It's no big secret that horror stories can -- and often do -- work well in small doses. Look at the creepiest episodes of The Twilight Zone, The Outer Limits, Tales from the Crypt, and Tales from the Darkside and it becomes evident scary stuff generally works pretty well in small packages -- to say nothing of good old horror anthologies like Asylum, Creepshow, Trick 'r Treat, and V/H/S. We've been enjoying sort of a horror anthology renaissance in America over the last few years, but this stuff is nothing new to Korean filmmakers.

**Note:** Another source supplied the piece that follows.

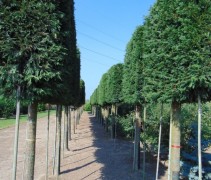 Cupressocyparis Leylandii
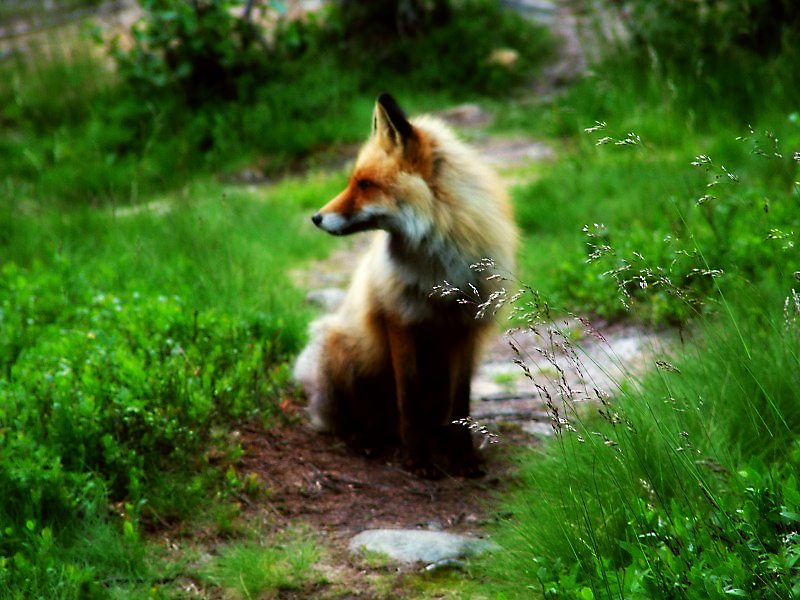 fox87559.jpg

Which brings us to the point: the simply-named Horror Stories is nothing more than a Korean collection of four (mostly pretty cool) scary tales with a requisite "wrap-around" set-up about a psycho killer who holds a teenage girl hostage and demands to hear some bedtime stories. Fine, the "wrap-around" story isn't all that scintillating but at least it moves quickly and sets the stage for a quartet of creepy diversions that are both familiar and, at times, enjoyably unpredictable.
Story #1 is a convoluted but rather beautiful-looking mini-thriller about two kids left home alone while a maniacal killer lurks just outside their door. This tale gets a bit too elaborate for its own good but it's a nice change of pace in that, well, we don't generally see horror movies about small kids being menace by lunatics. It's creepy.
Story #2 is little more than a slasher flick set on an airplane, and it's actually pretty cool. It's about a prisoner who escapes from his police escorts and causes all sorts of bloody mayhem until he matches wits with one nice-gal flight attendant. Again, nothing here is shockingly unique or groundbreaking, but there's always something to be said for a new coat of paint thrown on a nifty old idea. Plus the psycho is one darkly amusing bastard.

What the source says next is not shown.